Wright, Trump’s pick to lead DOE, has argued there is “no energy transition happening now,” and his company published a 180-page report this year asserting that tax credits and expenditures under the Democrats’ climate law would reduce investment in other areas.

“We cannot let the Inflation Reduction Act enfeeble our energy system,” the paper said.

Wright has backed low-carbon technologies like geothermal and nuclear. His company, Liberty Energy, is partnering on a geothermal project with Fervo Energy and a next-generation nuclear project with Oklo, which designs small modular reactors.

Shah highlighted how the loan office and other DOE programs would finance geothermal and nuclear energy.

“At the end of the day, the secretary of Energy signs off on these loans,” said Bell, who worked in the loan office under Obama.

In a note to clients, the consultancy Capstone said deals under the office that have attracted Republican criticism or that have ties to Chinese companies are most at risk of not succeeding.

It listed the $1.7 billion loan to Plug Power, a $1 billion loan to EVgo for EV charging infrastructure and an $850 million loan to KORE Power for battery manufacturing in Arizona as being in jeopardy. Plug Power has attracted criticism from Sen. John Barrasso, a Wyoming Republican, for its relationship with Shah. Shah was working at Generate Capital in 2019 when the clean energy investment firm lent $100 million to Plug Power.

Karoline Leavitt, a spokesperson for the Trump transition team, said in a statement that Trump was elected with a mandate to deliver on his campaign promises.

Trump repeatedly called for cutting Biden’s climate and energy policies, including rescinding unspent funds from the Inflation Reduction Act. The law created a new program under the LPO and provided it with about $11.7 billion in funding.

The Biden administration signaled that it won’t let the loans die without a fight. A DOE spokesperson pointed to the office’s efforts to advance projects on nuclear energy, carbon capture and critical minerals, noting that they have bipartisan appeal.

“There is steel in the ground and job openings at new or expanded facilities around the country,” Jeremy Ortiz said in a statement. “It would be irresponsible for any government to turn its back on private sector partners, states, and communities that are benefiting from lower energy costs and new economic opportunities spurred by LPO’s investments.”

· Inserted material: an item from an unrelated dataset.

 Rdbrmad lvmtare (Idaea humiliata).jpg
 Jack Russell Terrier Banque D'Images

Many business executives have sought to project confidence that their projects will be completed before Trump arrives. EVgo CEO Badar Khan told investors he doesn’t expect “a lengthy process to close the loan.”

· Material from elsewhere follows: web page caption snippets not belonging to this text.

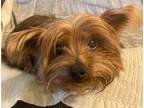 Adopt Gus a Yorkshire Terrier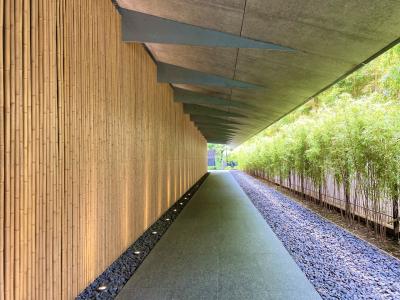 都内美術館ハシゴの旅②遂に燕子花図屏風にお目もじ叶う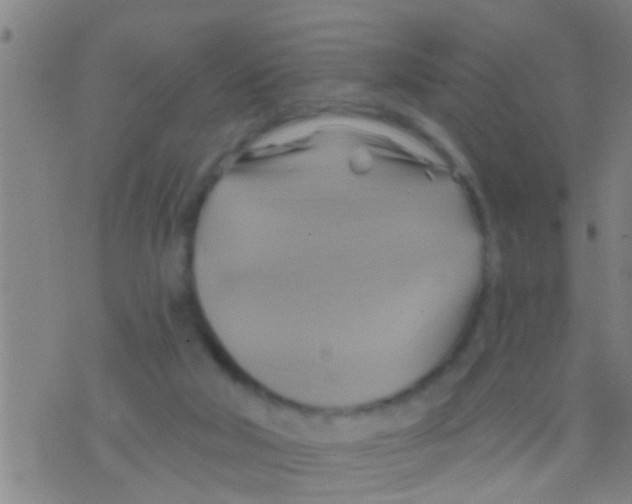 X0000075900018200610151827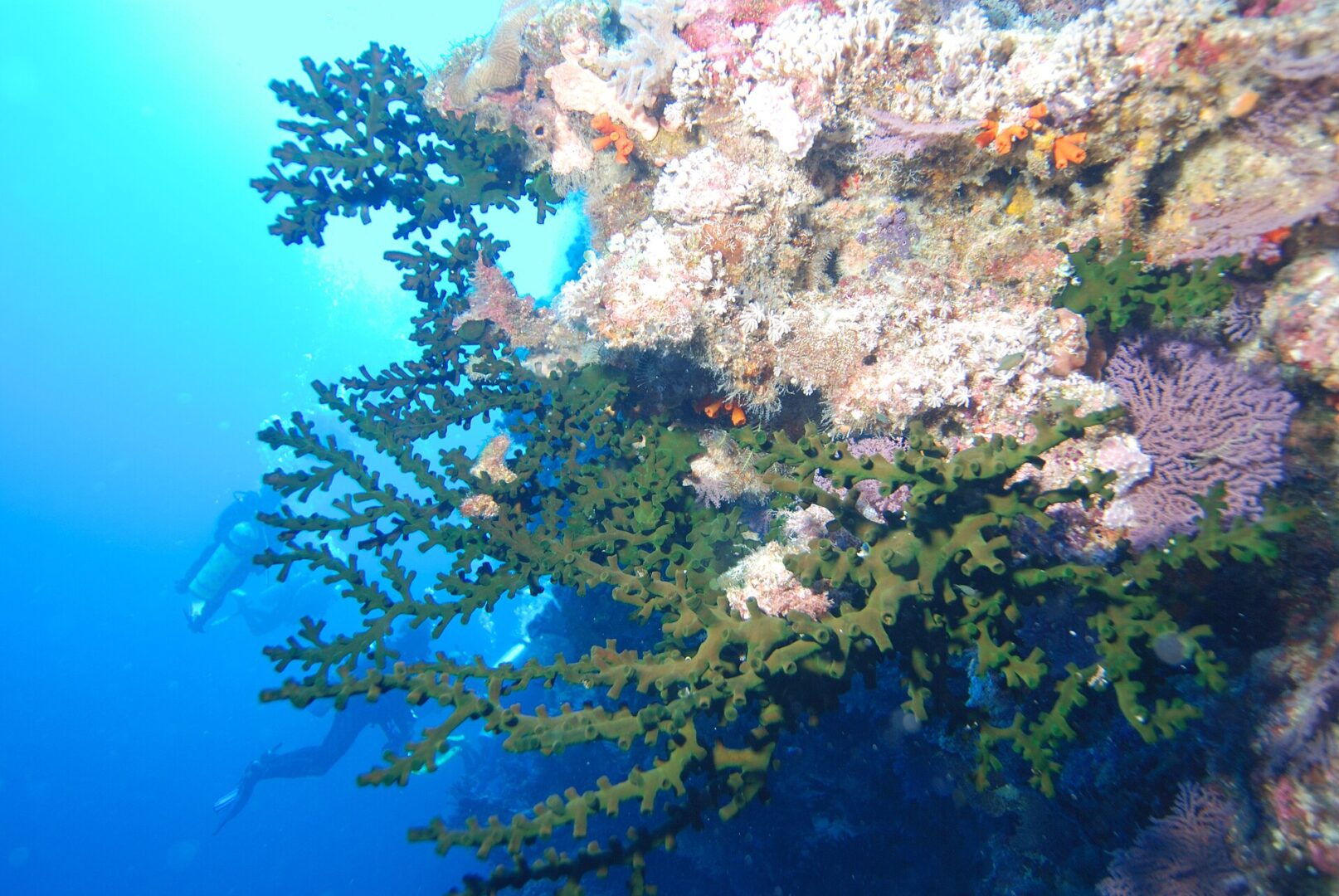 Black Sun Coral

“The conditions are at this point largely within our control,” Khan added.

Mallory Cooke, a spokesperson for BlueOval SK, which received a $9.2 billion conditional loan commitment to help build battery factories in Kentucky and Tennessee, said the consortium is “working with our partners at the Department of Energy on final loan approval and will share details upon conclusion of that process.” The project is expected to start producing EV batteries in 2025, Cooke said.

Eos Energy Enterprises, meanwhile, has made “significant progress” toward closing a $398 million loan for a battery factory outside Pittsburgh, CEO Joe Mastrangelo told investors recently.

The loans office has picked up the pace in recent months. Of the 12 loans finalized by the office under Biden, seven have been completed since September.

The office has continued to announce new conditional commitments. In October alone, it announced conditional deals for the sustainable aviation producer Gevo ($1.46 billion), the low-carbon fuels maker Montana Renewables ($1.44 billion) and the battery component maker Aspen Aerogels ($671 million), as well as the $1.05 billion for EVgo.

The Loan Programs Office has shown it can move fast. The first loan closed by the Biden administration, a $504 million deal for a hydrogen production and storage facility in Utah, was completed 43 days after the conditional deal was announced. But the average loan took 221 days between the conditional and final announcements.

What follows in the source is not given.